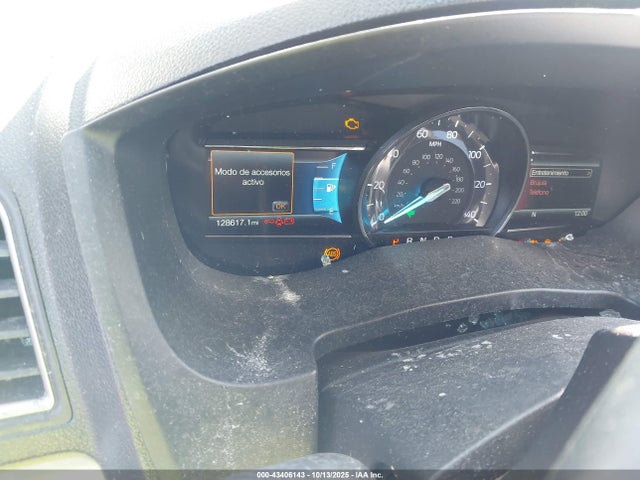 1FM5K7D89JGA38016 Ford EXPLORER XLT
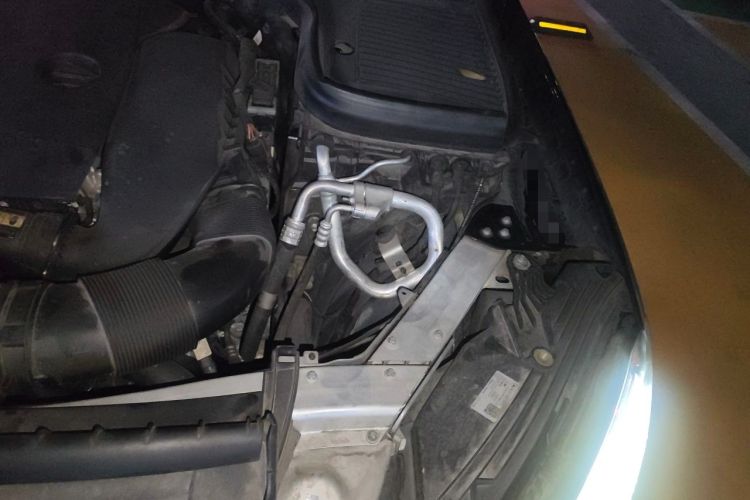 Used Mercedes-Benz GLC 2020 GLC 260 L 4MATIC Dynamic Model Engine Bay Left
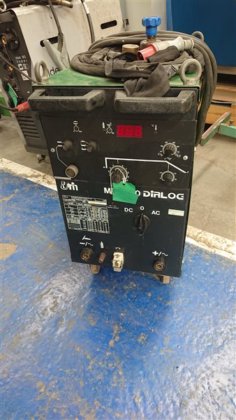 Migatronic MTE TIG焊接设备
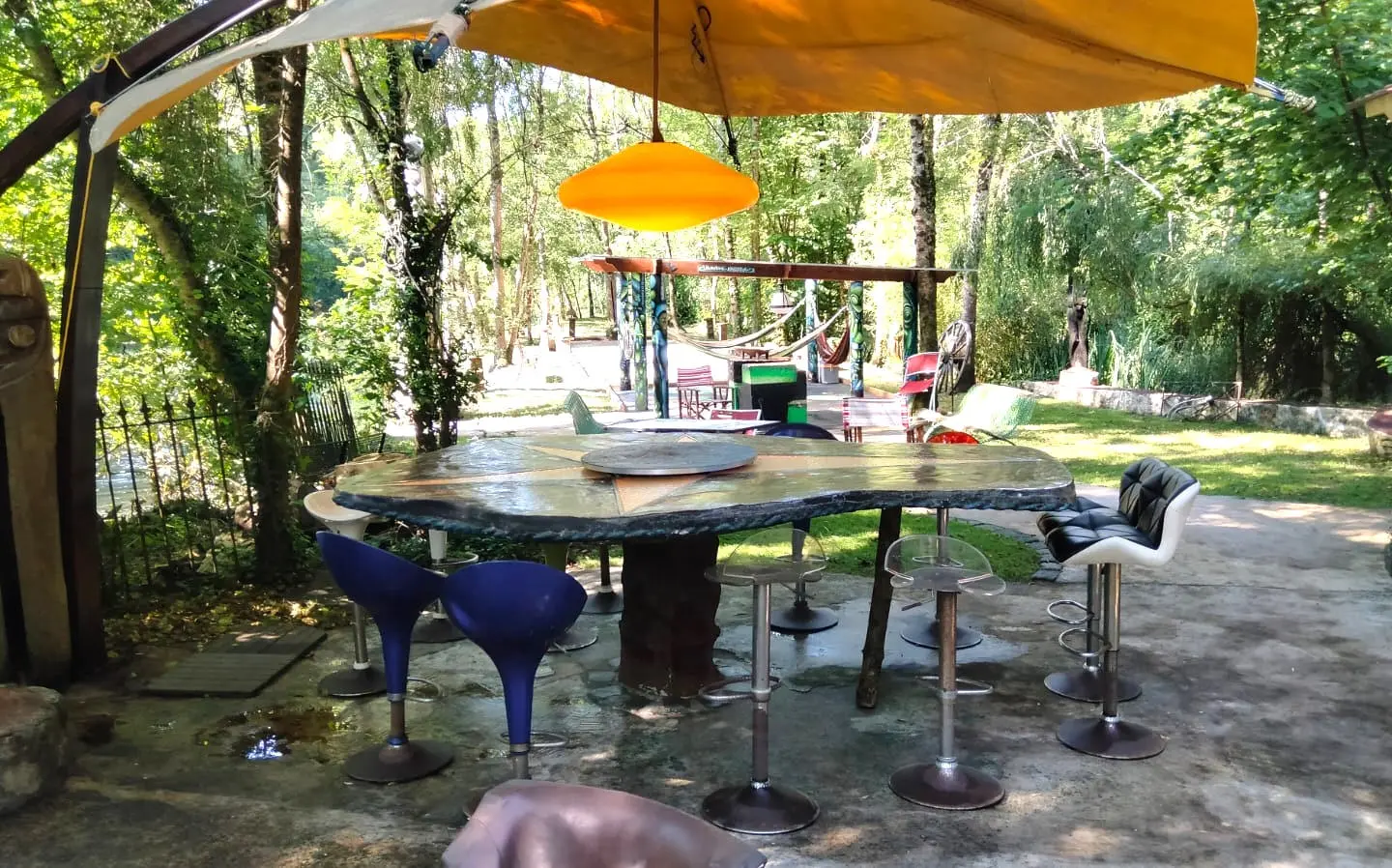Waterside Property With Views In Charente Near Mansle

■ ■ ■

### Exercise
Omit the pictures. Repeat the rest of the data exactly.

### Written answer
 1FM5K7D89JGA38016 Ford EXPLORER XLT
 Used Mercedes-Benz GLC 2020 GLC 260 L 4MATIC Dynamic Model Engine Bay Left
 Migatronic MTE TIG焊接设备
Waterside Property With Views In Charente Near Mansle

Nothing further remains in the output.